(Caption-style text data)
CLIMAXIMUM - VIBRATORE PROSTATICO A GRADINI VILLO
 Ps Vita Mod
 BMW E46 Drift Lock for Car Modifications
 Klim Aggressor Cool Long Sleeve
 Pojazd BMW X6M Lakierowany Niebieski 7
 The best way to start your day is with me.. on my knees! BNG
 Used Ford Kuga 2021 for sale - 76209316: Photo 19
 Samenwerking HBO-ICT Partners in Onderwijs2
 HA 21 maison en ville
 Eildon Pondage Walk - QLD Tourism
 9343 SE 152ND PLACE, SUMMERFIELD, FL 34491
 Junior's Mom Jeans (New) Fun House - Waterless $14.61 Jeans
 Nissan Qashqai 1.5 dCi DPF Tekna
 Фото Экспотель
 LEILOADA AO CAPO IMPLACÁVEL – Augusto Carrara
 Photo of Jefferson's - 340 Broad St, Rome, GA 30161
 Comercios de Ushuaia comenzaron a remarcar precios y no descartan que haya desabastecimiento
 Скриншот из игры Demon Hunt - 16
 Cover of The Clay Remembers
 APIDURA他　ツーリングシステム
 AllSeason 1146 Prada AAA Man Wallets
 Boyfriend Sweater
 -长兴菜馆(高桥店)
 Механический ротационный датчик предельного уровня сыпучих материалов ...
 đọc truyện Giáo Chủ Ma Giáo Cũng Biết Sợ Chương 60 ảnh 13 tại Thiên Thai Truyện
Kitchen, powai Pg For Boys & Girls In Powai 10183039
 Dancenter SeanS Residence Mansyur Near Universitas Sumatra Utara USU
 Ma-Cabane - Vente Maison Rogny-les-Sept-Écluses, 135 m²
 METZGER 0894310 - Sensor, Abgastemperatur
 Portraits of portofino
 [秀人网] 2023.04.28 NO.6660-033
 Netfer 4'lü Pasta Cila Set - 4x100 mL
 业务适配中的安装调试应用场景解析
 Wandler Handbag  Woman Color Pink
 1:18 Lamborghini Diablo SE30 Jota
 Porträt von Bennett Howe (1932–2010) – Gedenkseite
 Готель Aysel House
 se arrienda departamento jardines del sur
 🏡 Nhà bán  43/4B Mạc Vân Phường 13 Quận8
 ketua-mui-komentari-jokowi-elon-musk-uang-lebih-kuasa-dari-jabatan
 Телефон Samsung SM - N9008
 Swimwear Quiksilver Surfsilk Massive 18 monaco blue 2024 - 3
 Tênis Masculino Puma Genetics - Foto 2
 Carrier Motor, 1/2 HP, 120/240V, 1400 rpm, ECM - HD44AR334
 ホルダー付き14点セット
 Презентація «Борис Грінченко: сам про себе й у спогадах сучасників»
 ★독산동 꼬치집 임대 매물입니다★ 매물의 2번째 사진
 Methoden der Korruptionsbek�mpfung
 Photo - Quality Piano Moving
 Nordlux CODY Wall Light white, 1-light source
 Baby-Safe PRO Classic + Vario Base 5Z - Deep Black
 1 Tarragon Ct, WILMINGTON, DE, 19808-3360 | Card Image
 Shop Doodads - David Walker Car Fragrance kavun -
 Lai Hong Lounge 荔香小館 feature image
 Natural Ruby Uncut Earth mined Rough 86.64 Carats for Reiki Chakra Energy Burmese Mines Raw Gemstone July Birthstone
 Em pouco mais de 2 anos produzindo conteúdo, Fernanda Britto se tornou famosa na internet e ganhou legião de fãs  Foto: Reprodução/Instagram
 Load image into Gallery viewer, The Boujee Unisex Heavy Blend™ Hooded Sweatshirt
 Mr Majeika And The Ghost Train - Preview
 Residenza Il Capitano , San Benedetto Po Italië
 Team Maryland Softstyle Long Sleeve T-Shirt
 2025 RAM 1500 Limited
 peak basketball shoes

> _Your objective_: Starting at the line above that contains "Used Ford Kuga", repeat each line exactly up to and including the line that contains "Junior's Mom Jeans", and stop there.

> _Expected answer_:
 Used Ford Kuga 2021 for sale - 76209316: Photo 19
 Samenwerking HBO-ICT Partners in Onderwijs2
 HA 21 maison en ville
 Eildon Pondage Walk - QLD Tourism
 9343 SE 152ND PLACE, SUMMERFIELD, FL 34491
 Junior's Mom Jeans (New) Fun House - Waterless $14.61 Jeans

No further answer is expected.